Like one remembers to bring attention to the breath or the mind, we remember the reflection. We remember the object and its purpose. Our practice may include formal sitting, where we think about all the elements of aging, illness or the other reflections, like its inevitability, what it might actually look like for us, how it might feel, and so on.

Or it might be an informal practice, where we hold death over our shoulder as we live our ordinary days. With consistent practice, the perspective born of these reflections becomes imbued into our lives.

We may sometimes notice a tendency to frantic urgency. But living regularly with these reflections, we naturally begin to release the frantic urgency and drop beneath the fear.
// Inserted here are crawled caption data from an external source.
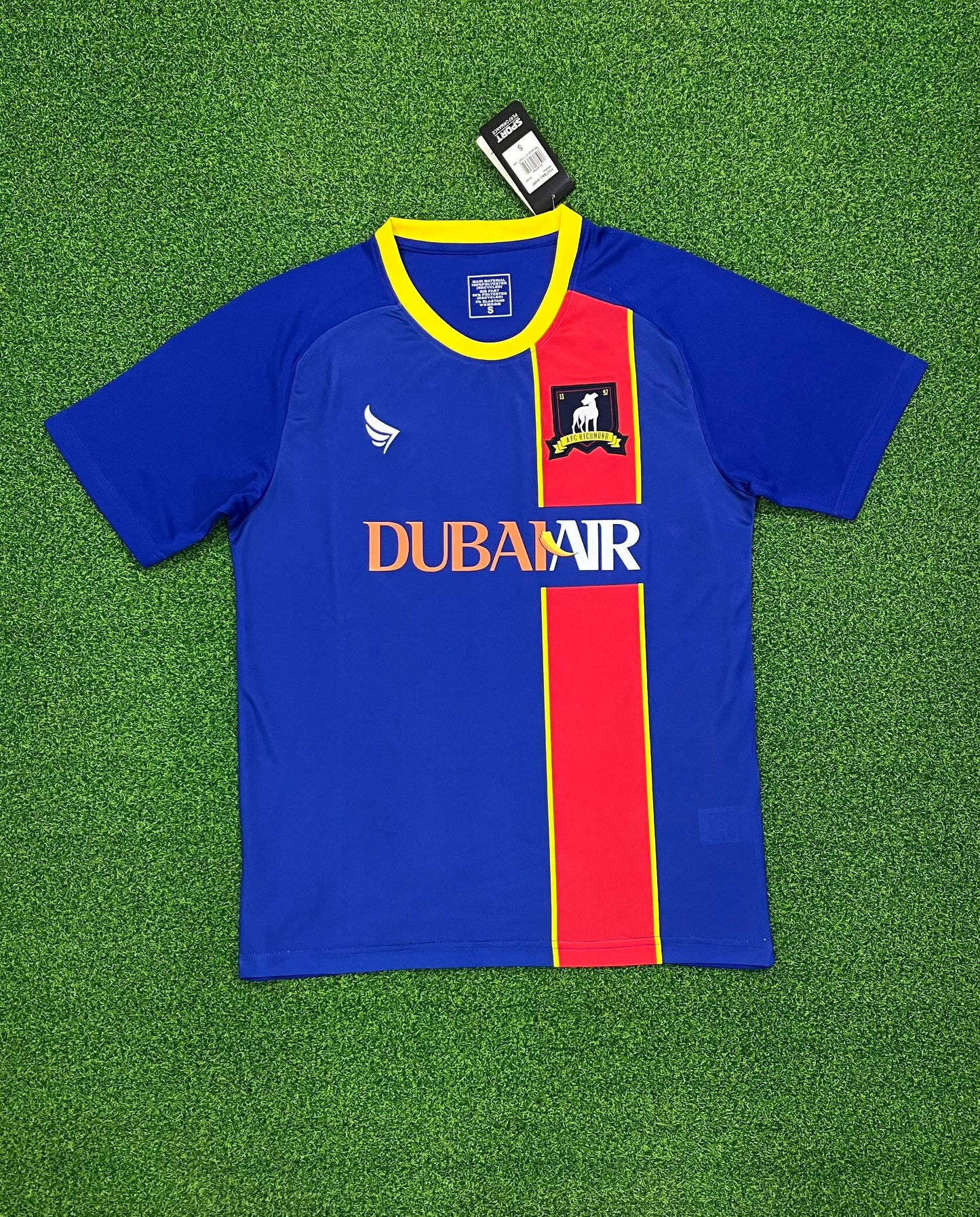 25/26 Richmond home S-XXL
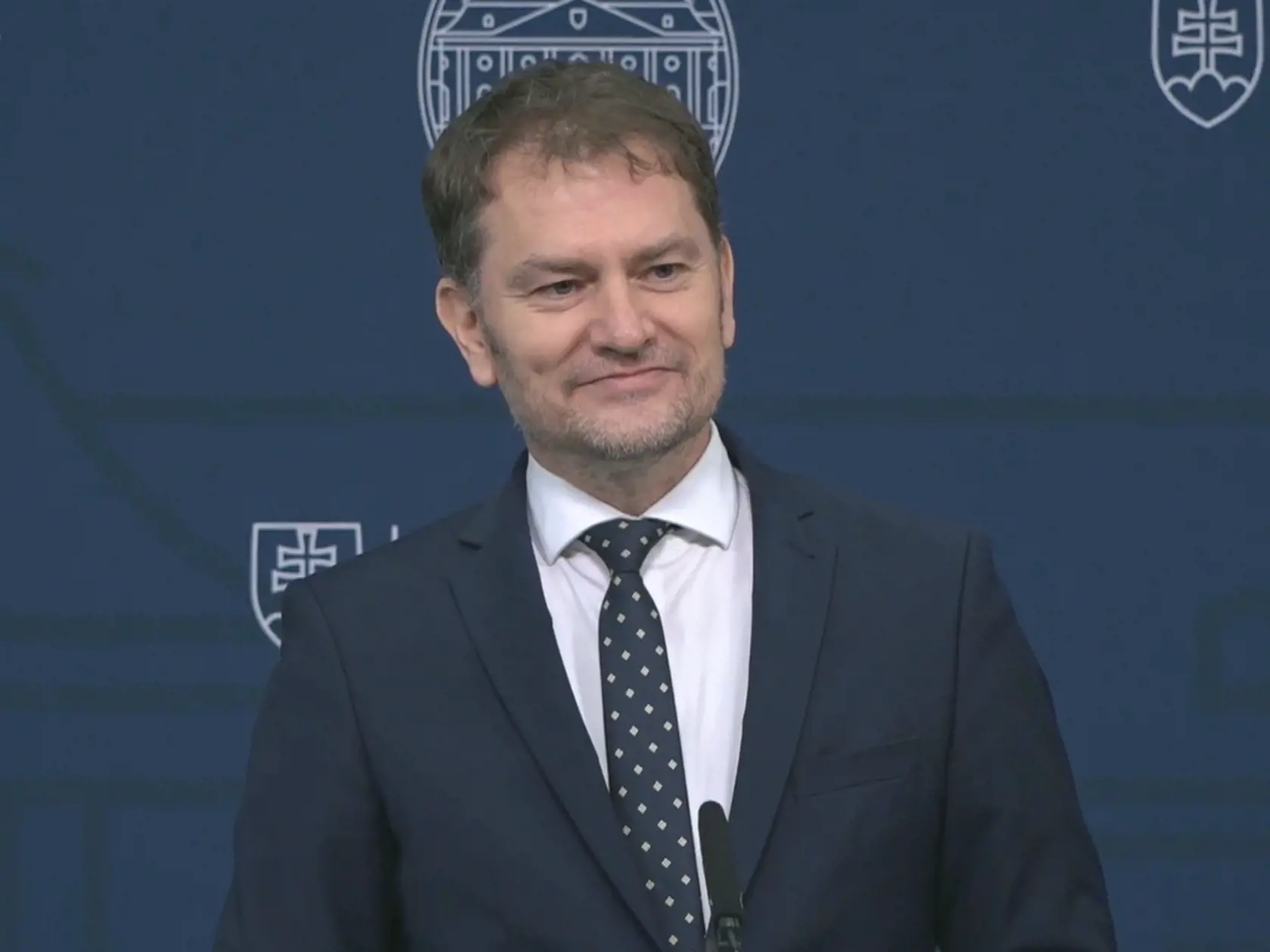 Na snímke podpredseda vlády SR a minister financií SR Igor Matovič (OĽaNO)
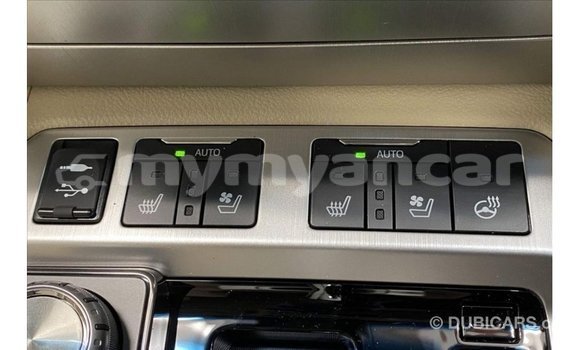 Buy Import Toyota Land Cruiser White Car in Import - Dubai in Ayeyarwady Buy Import Toyota Land Cruiser White Car in Import - Dubai in Ayeyarwady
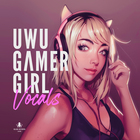 Black octopus sound uwu gamer girl vocals cover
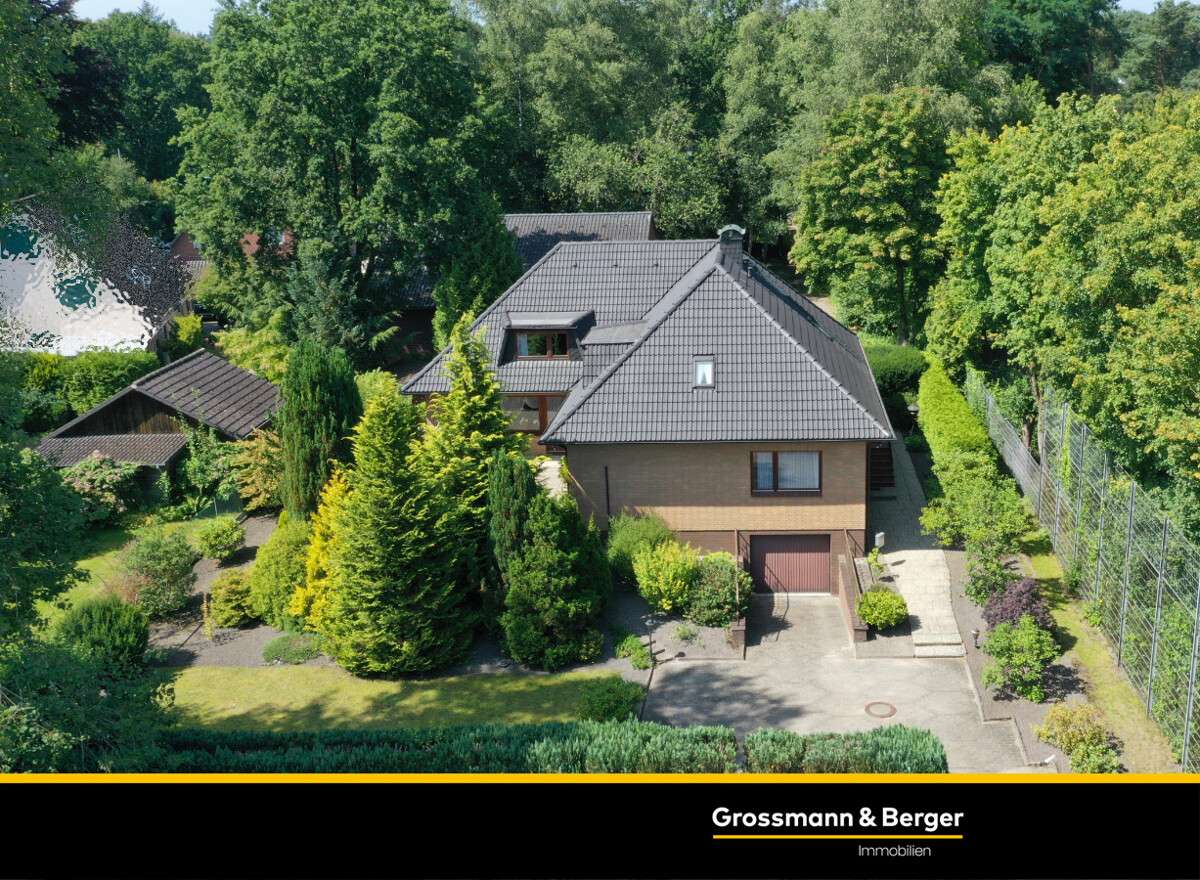 Thumbnail-Haus zum Kaufen in Buchholz in der Nordheide Holm-Seppensen 439.000,00 € 195.87 m²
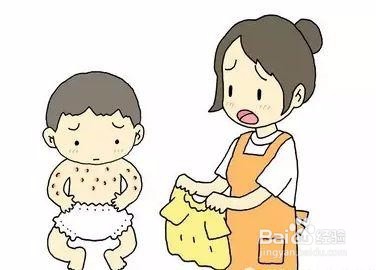 如何认知夏天异常出汗的部位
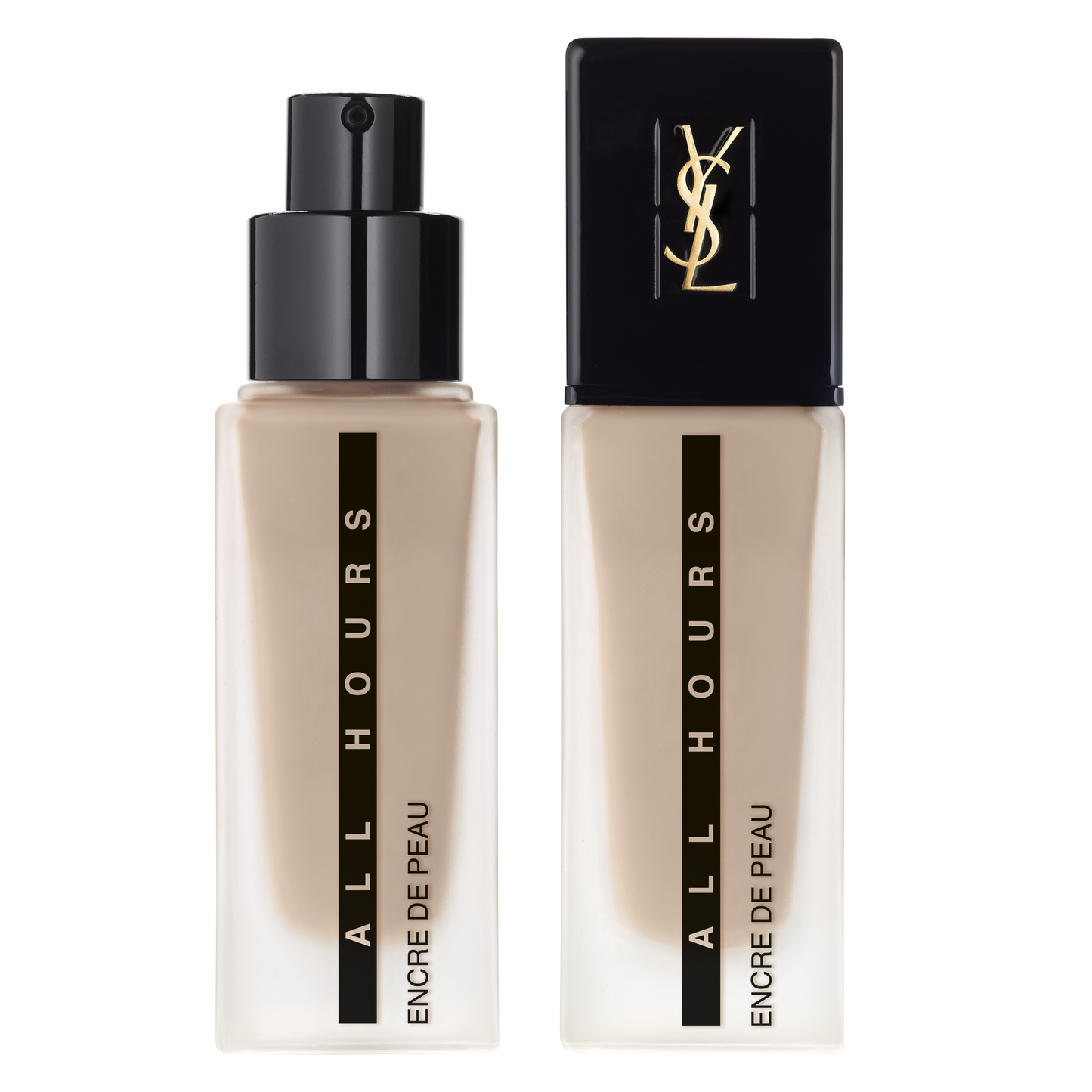 Encre De Peau All Hours Foundation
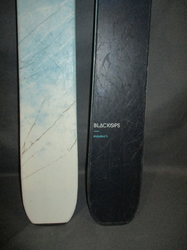 Freeride lyže ROSSIGNOL BLACK OPS RALLY BIRD Ti 21/22 171cm, SUPER STAV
Yes, this is urgent; yes, it matters, but we have a way to approach this. Knowing there is a way through this human dilemma brings forth the quality of pasada, cool confidence in the path. We gradually become established in the collected quality of mind that comes with knowing where we are headed.

The path we are headed on has two key elements: the life of active compassion and the way of living and practices that lead to the understanding that in the here and now, there is no ageing and death, only the flux of experience. When insight is gifted, we may open to the possibility of what the Buddha called the deathless.

Both aspects of this path—establishment in compassion and the living understanding of the deathless—call us to release our self-centered orientation towards life. This is not easy and cannot be done alone. In fact, this path is not possible to undertake alone. We need from each other the power of reminding, the respite of love, and the amplifying power of relationship to see clearly. This is refuge in the Sangha. Opening out through wise relations, we can be supported and be joined in the samvega and pasada.

Wholesome urgency comes with remembering, reminding each other: let’s not waste any time because this life is too precious. Wholesome cooling and confidence, as part of an interpersonal path, is a mutual down regulating and sustenance of faith in the path.

Drop by drop these reflections benefit the body mind. The totality of our practice is our lives. Are we headed towards a stupid life or a wise one, an ignorant death or a wakeful one? There is a choice.

I invite us into this sense of these reflections of doing the good work, doing so in the tenderness of the shared human experience.